● **Brief**
Pictures aside, the output must consist of the lines from the one containing "Labrador op een wandeling in het park" through the end of the data, reproduced exactly.

Data shown section start

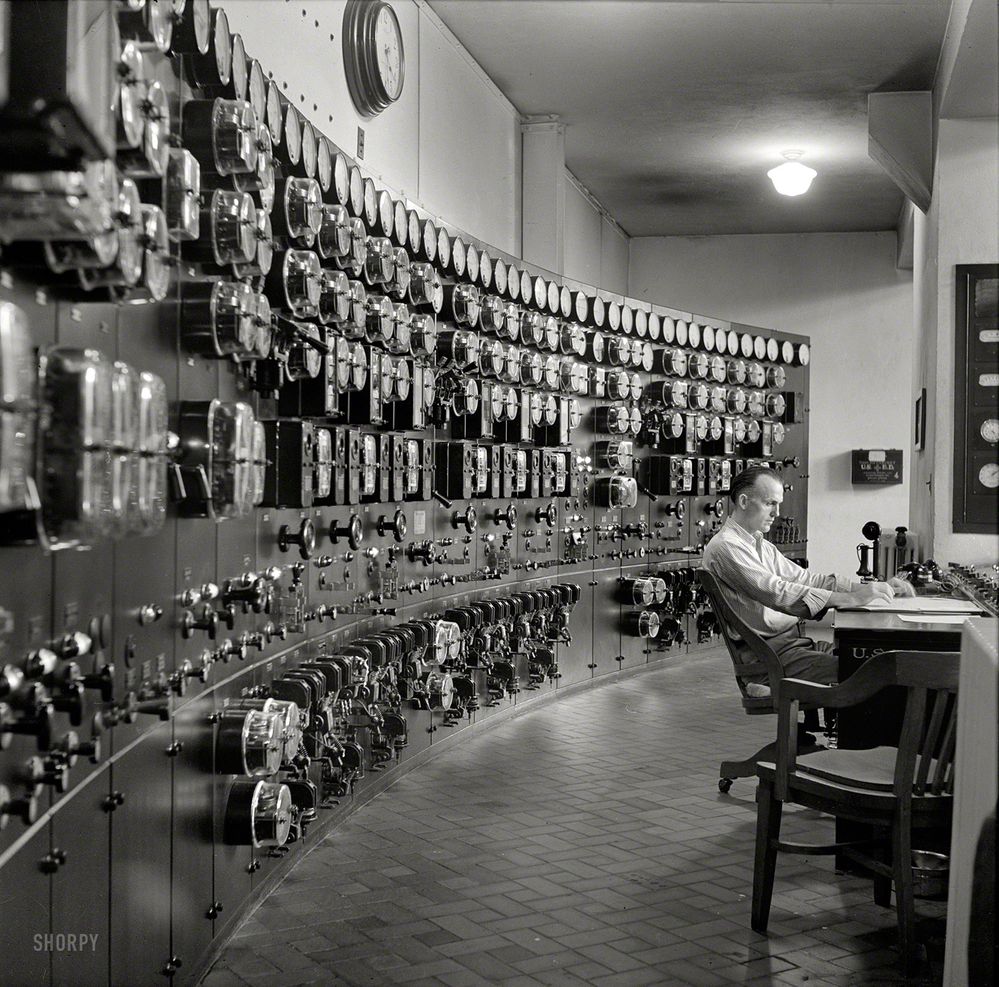SHORPY_8b31582a.jpg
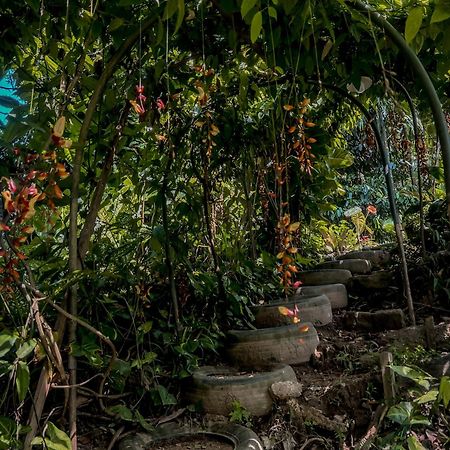 Secret Mountain Paradise Ella Exterior foto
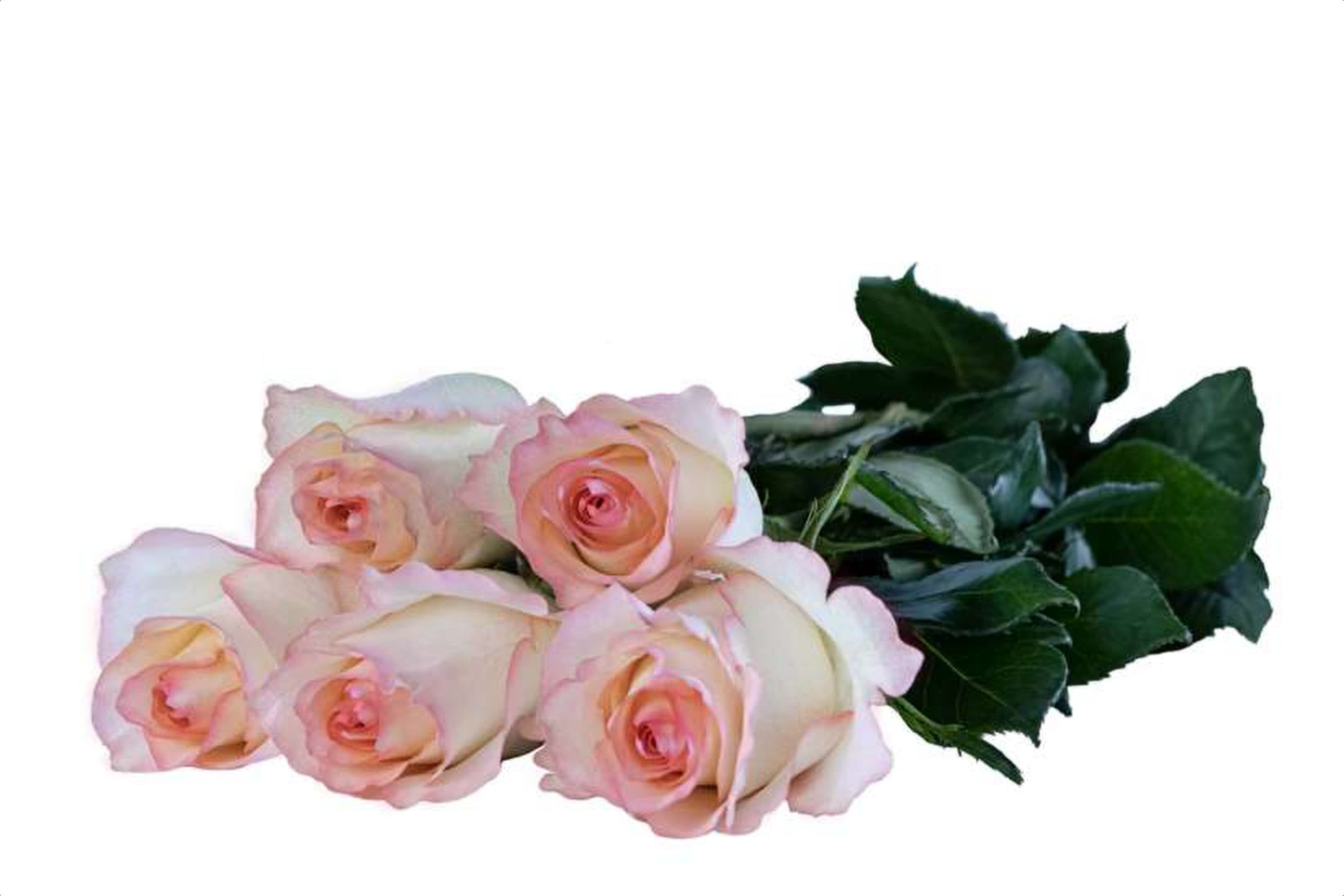 Maya, a bi color white single-head rose grown in Kenya for wholesale export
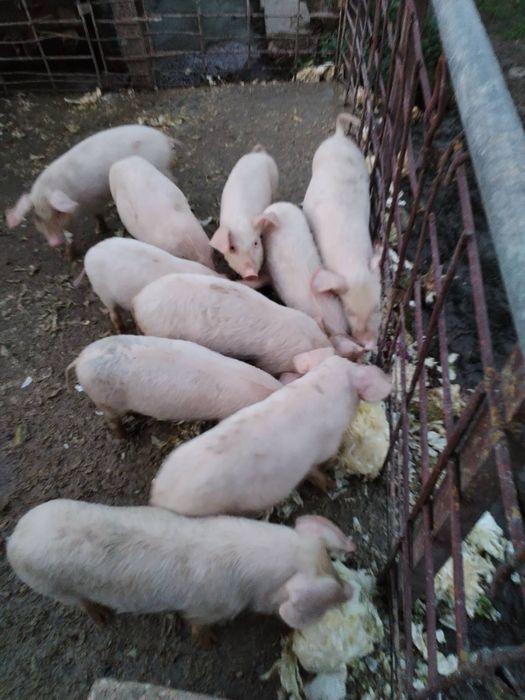 Продавам прасета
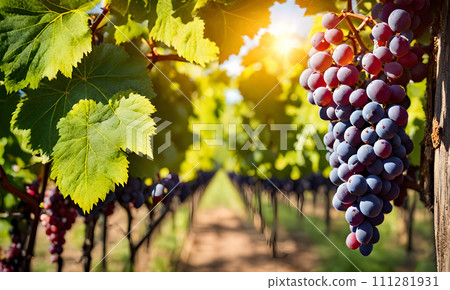 Sunny vineyard with clusters of ripe grapes in focus Sunny vineyard with clusters of ripe grapes in focus 111281931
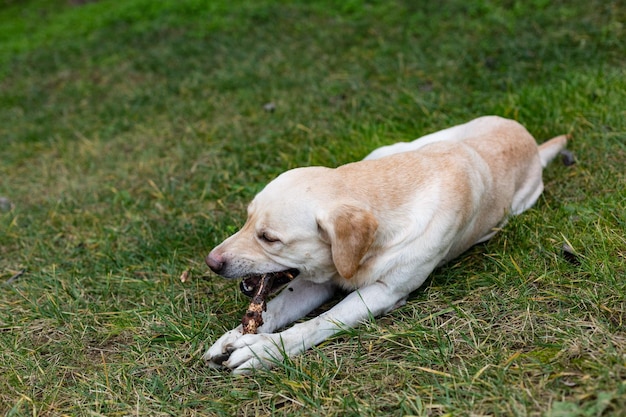 Labrador op een wandeling in het park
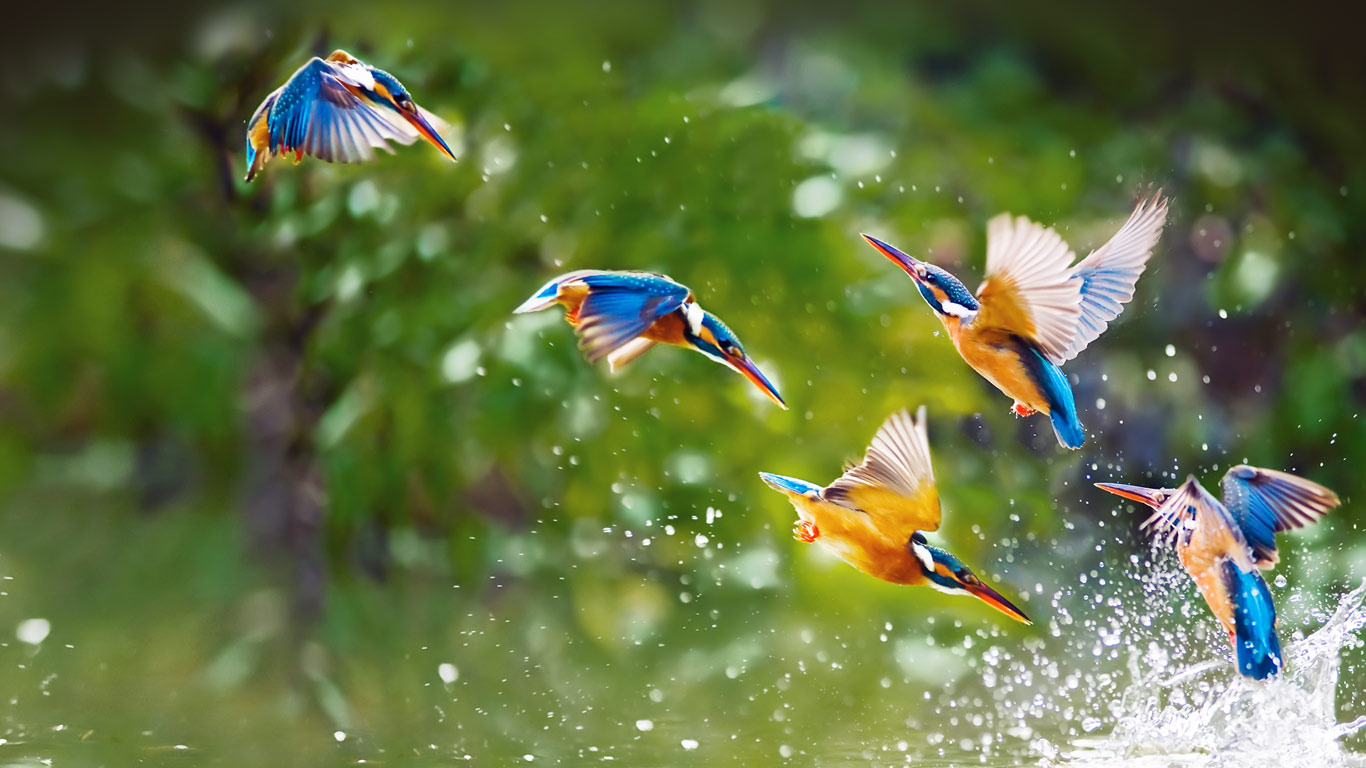 Kingfishers, Taipei, Taiwan (© htu/Flickr Select/Getty Images)(Bing United Kingdom)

Data shown section end

● **Task response**
 Labrador op een wandeling in het park
 Kingfishers, Taipei, Taiwan (© htu/Flickr Select/Getty Images)(Bing United Kingdom)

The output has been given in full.